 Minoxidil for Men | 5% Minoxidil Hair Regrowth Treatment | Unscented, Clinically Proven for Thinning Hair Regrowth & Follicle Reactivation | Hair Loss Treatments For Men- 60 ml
# # # # # # #
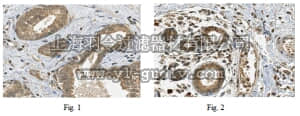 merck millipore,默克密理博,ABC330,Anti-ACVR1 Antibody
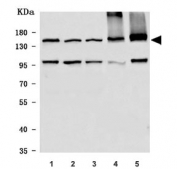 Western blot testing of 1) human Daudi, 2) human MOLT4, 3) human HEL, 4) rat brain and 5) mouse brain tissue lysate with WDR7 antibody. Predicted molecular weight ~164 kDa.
# # # # # # #
## [Task requirements]
Go back to the lines above and output, exactly as they stand, the ones from the line containing "merck millipore,默克密理博,ABC330,Anti-ACVR1 Antibody" to the line containing "Western blot testing". Leave all pictures behind.

## [Answer section]
 merck millipore,默克密理博,ABC330,Anti-ACVR1 Antibody
 Western blot testing of 1) human Daudi, 2) human MOLT4, 3) human HEL, 4) rat brain and 5) mouse brain tissue lysate with WDR7 antibody. Predicted molecular weight ~164 kDa.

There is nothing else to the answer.